You are right that the i3 CPU(Core i3-530) we compared with is a little old generation. I tried to compare online Core i3-530 with Core i3-2105. The 2105 is SandyBridge and runs at a slightly higher clock 3.1 GHz(while the 530 runs at 2.93 according to CPU world).

According to cpu-world. The 2105 is 21% faster than the 530 for single threaded operations. If you account for the speed in clock this would mean only a boost of 14% improvement over the 530.

So its really not such a bad comparison.

In the meanwhile we will try run this on a newer CPU and let you know the results.


So code fully optimized for ARM/Cortex-A15 is almost as fast as only partially optimized code on a 1.2 GHz i3? Well, good to know I guess.


Yes this is correct. But as you see the original un-optimized version was running at nearly same speed on both. Meaning the A15 and Core i3 performance are comparable, if run at the same clock. The general perception has been that the raw performance of the ARM CPUs(like A15 and A57) and Intel Sandybridge CPUs like the one inside like i3/i5 are not in the same ball-park . Most people believes they are leagues apart. Also one of the reasons why such comparisons havent been made before, much.The idea of the blog is to show that this is not completely true.

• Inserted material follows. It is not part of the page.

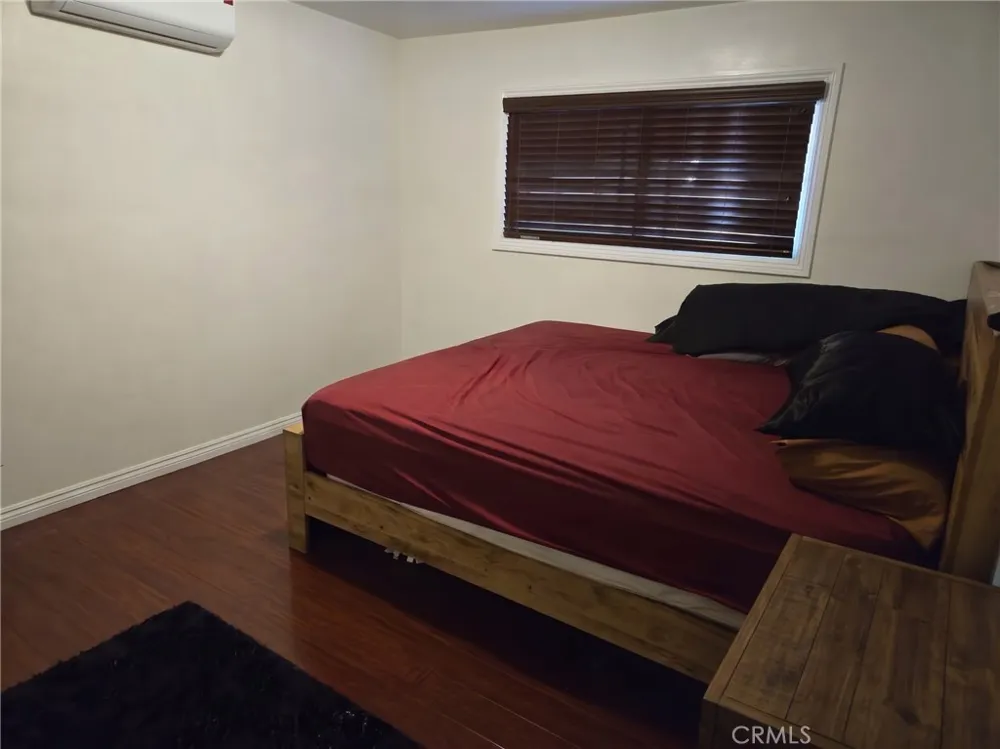 451 Vidalia La Puente, CA 91744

Not meant to counter your argument, but at least one compiler out there (GCC) is - in my experience - very good at finding optimizations for x86 but fails most of the time for ARM unless you provide very clear and very strict hints in your code. NEON optimization is one of them. It wouldn't be the first time that GCC completely ignores intrinsics in my loops or (I kid you not) introduces 16-bit Thumb code in my 32 bit code. Very frustrating to constantly have to second-guess your compiler.


Spoiler: no. 1265 ms vs 439 ms on their OpenCV benchmark.

(Then they play some what-if games by underlocking the i3 in imaginative ways and applying SIMD opts to only the ARM side)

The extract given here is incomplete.